Source: Kodiak Robotics
Self-driving truck startup Kodiak Robotics claimed that it has started a pilot method with IKEA in Texas.
A semitruck outfitted with Kodiak’s autonomous driving process is producing everyday shipping and delivery runs from an IKEA warehouse close to Houston to a retail store close to Dallas, around 300 miles away.
The vehicles have human protection motorists on board, but they’re getting driven by Kodiak’s autonomous-driving method.
Kodiak’s CEO, Don Burnette, claimed that he is just not on the lookout to set truck drivers out of enterprise – in simple fact, he’s aiming to make their lives a lot easier.

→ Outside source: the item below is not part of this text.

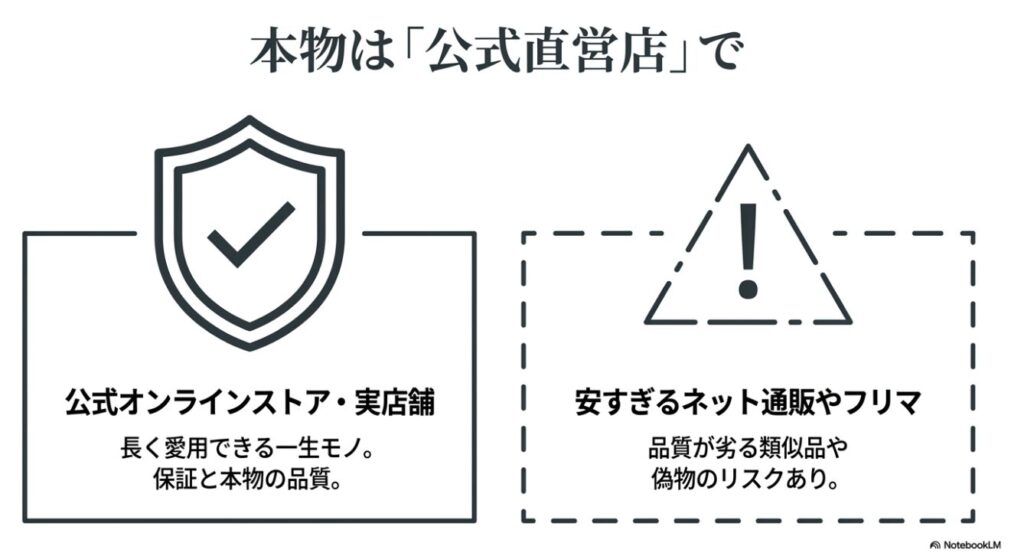 偽物リスクと正規店を推奨する説明文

“Adopting autonomous trucking technological innovation can enhance drivers’ quality of lifetime by concentrating on the community driving employment most want to do,” Burnette reported. “Together [with IKEA] we can increase protection, boost doing work conditions for motorists, and build a much more sustainable freight transportation technique.”

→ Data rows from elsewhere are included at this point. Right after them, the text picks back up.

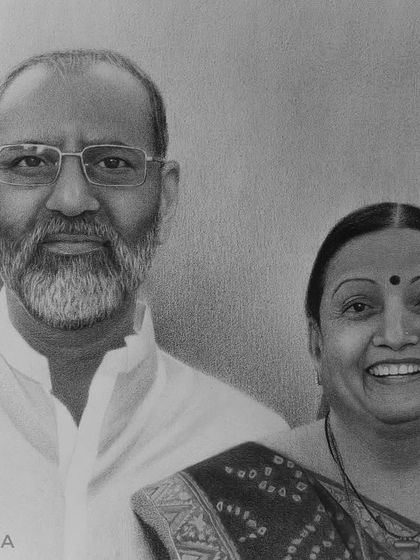 An A3 size commissioned pencil portrait of a couple. I take great care in rendering expressions that feel authentic and full of life.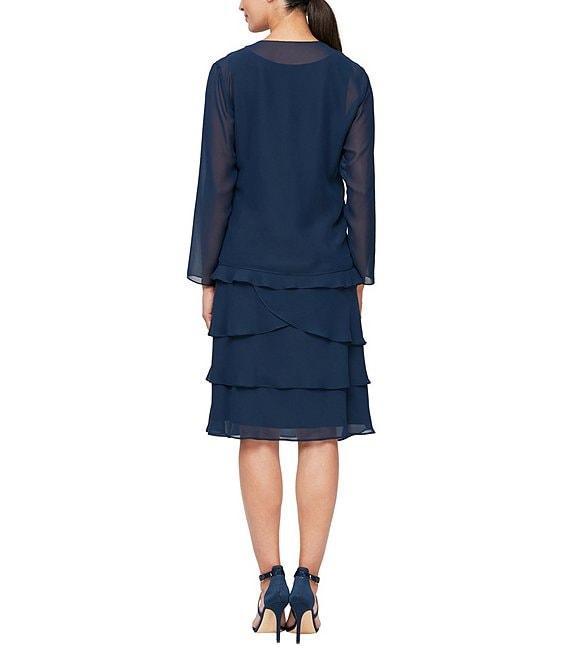 Ignite Evenings Sequin Detail Scoop Neck Long Sleeve Chiffon Tiered 2-Piece Jacket Dress Product Image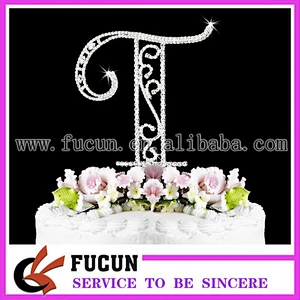 2018 Marvellous alphabet w rhinestone cake toppers for wedding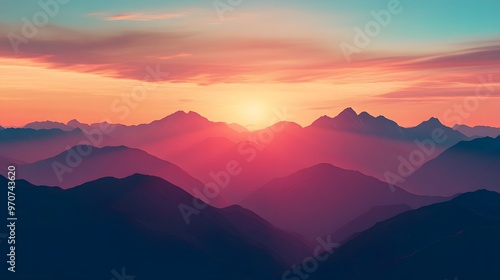 Silhouetted Mountain Range with Sunset Sky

This just isn’t Kodiak’s first self-driving rodeo. The organization has been jogging freight in Texas with its autonomous test vehicles given that 2019, and recently opened a new route among Dallas and Oklahoma Metropolis. Kodiak has also executed pilot assessments with logistics giants Werner Enterprises and U.S. Xpress, operating self-driving vehicles on routes from Dallas to Lake Metropolis, Florida, and Atlanta, respectively.

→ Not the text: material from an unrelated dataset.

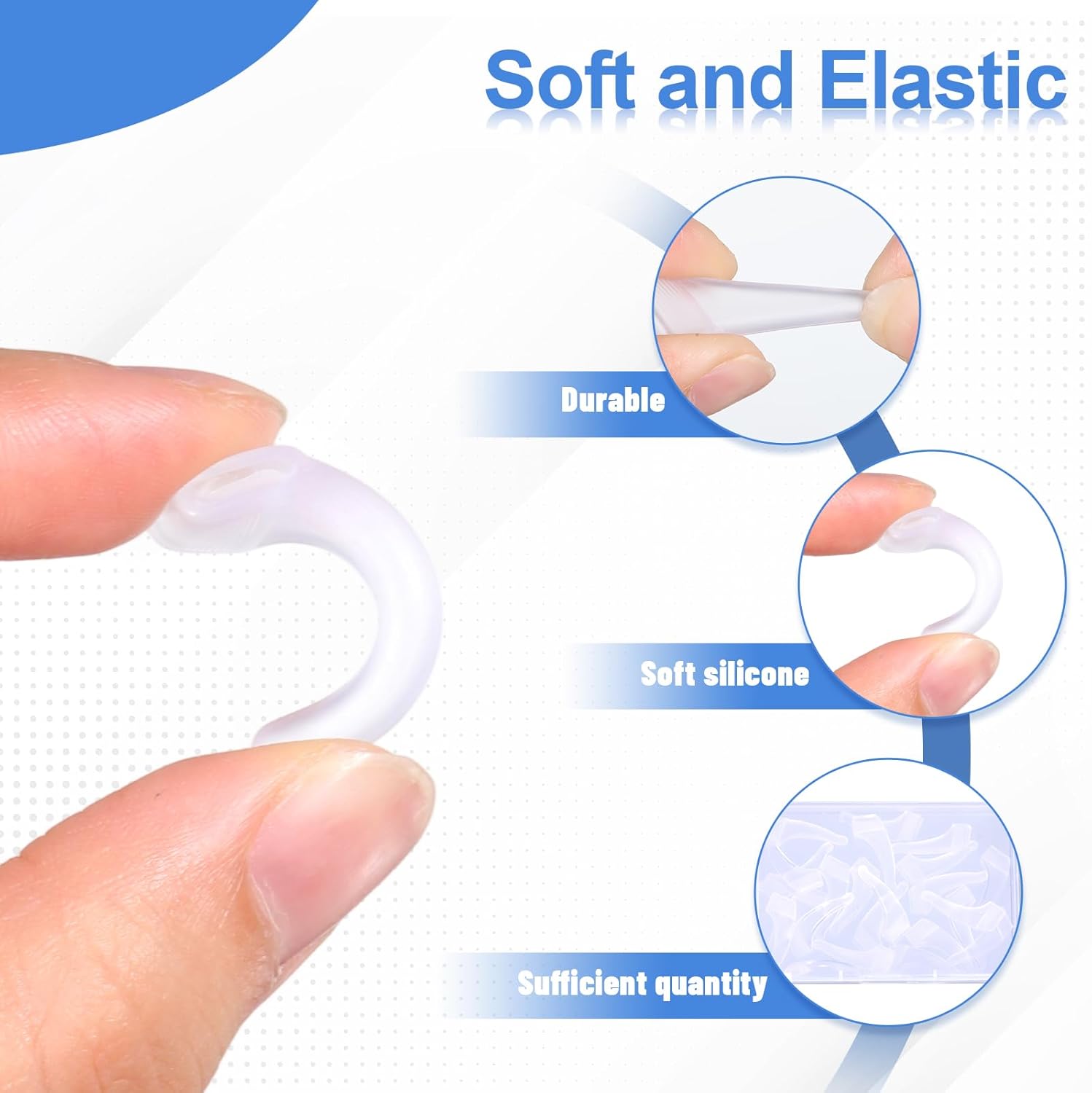16 Pairs Glasses Ear Hook Eye Glasses Ear Grippers Silicone Anti Slip Eyeglass Holder, Eyeglasses Grip Hooks Safety Eyewear Retainer for Sunglasses Temple Tips Sleeve Retainers for Eyeglass - Image 2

Texas has become a hotbed for self-driving truck screening, in part for the reason that of favorable laws — and also because the lengthy freeway stretches involving its metropolitan areas are excellent for automation. Waymo, the Alphabet subsidiary that grew out of the Google Self-Driving Car or truck Venture, has been tests a fleet of self-driving Freightliner semitrucks (with human protection drivers) on a route involving Dallas and Houston for numerous months.
Self-driving truck startup Aurora Innovation has also been tests vehicles in Texas. Aurora started a Texas pilot with Werner Enterprises in April, operating on a 600-mile extend concerning Fort Truly worth and El Paso. Yet another startup, TuSimple, has been screening its self-driving semitrucks in Arizona and is preparing to grow to Texas next year.